Why collaboration is important
Tom’s work means he has very good connections in his spheres of influence, including clinicians at the hospital and with academics at the Bradford Institute for Health Research. Over time, the AAIP has helped Tom widen his network of expertise and access to people not just across the healthcare and academic sectors, but also across multiple disciplines.
How is collaboration with the AAIP different?
Tom says that AAIP’s approach to collaboration is what makes it different from experiences he has had in other situations where analysts perhaps engage clinicians at the start of a project, conduct requirements analysis together but then go away for six months only to return with something that won’t work in real life or practice.
“Regular contact is the key; for one part of a team to drift away from the other means simple course corrections aren’t made that could have saved time and improved the outcome," he said. "AAIP has felt like a continual collaboration. For example, if one of my colleagues comes across some data they aren’t quite sure about they text me, I respond, and they feel assured rather than stuck. And vice versa. The work progresses without delay.”
How has the collaboration made an impact?

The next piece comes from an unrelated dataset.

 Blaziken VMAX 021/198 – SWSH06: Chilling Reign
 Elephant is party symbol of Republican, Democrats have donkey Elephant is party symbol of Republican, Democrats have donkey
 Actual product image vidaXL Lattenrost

Tom has collaborated with the team on a portfolio of projects and papers, that look at ways that AI and humans can work together in healthcare so that both are doing what they are best at. This work includes an AI in Medicine paper, a project exploring how AI can help predict the optimal time for ventilator extubation, and a project looking at data poverty in Bradford to ensure any systems are built on data inputs that mitigate against recommendations that might inadvertently reinforce health inequalities.

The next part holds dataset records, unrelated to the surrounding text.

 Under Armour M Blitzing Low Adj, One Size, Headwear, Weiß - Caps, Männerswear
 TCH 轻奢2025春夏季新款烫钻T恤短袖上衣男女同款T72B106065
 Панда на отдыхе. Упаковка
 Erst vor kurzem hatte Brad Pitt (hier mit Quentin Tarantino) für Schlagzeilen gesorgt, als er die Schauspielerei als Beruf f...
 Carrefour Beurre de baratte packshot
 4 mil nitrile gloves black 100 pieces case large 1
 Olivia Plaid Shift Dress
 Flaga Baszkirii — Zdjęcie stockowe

There have been some site specific benefits too at the hospital where Tom reports that they get many approaches from companies wanting to sell them AI systems. “I can ask the right questions before any procurement is made," he says. "For example, ‘where’s the safety, the human factors, the legal elements?’ And if I think they don’t have the right ingredients quite yet I can encourage them to contact the AAIP. We want to ensure that when we do bring systems in we do it in a safe manner."